Exercise details
Exactly as written, print each record in the listing.

Extracted information
- - - -

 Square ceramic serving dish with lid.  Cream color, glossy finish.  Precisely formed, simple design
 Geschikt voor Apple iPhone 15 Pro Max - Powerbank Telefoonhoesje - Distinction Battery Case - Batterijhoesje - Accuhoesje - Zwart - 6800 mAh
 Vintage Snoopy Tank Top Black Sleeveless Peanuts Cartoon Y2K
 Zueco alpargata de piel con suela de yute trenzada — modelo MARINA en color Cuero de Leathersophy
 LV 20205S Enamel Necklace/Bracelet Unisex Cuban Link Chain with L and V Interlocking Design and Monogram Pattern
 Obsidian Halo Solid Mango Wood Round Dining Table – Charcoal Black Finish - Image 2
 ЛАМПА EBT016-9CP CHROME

- - - -

Written response
 Square ceramic serving dish with lid.  Cream color, glossy finish.  Precisely formed, simple design
 Geschikt voor Apple iPhone 15 Pro Max - Powerbank Telefoonhoesje - Distinction Battery Case - Batterijhoesje - Accuhoesje - Zwart - 6800 mAh
 Vintage Snoopy Tank Top Black Sleeveless Peanuts Cartoon Y2K
 Zueco alpargata de piel con suela de yute trenzada — modelo MARINA en color Cuero de Leathersophy
 LV 20205S Enamel Necklace/Bracelet Unisex Cuban Link Chain with L and V Interlocking Design and Monogram Pattern
 Obsidian Halo Solid Mango Wood Round Dining Table – Charcoal Black Finish - Image 2
 ЛАМПА EBT016-9CP CHROME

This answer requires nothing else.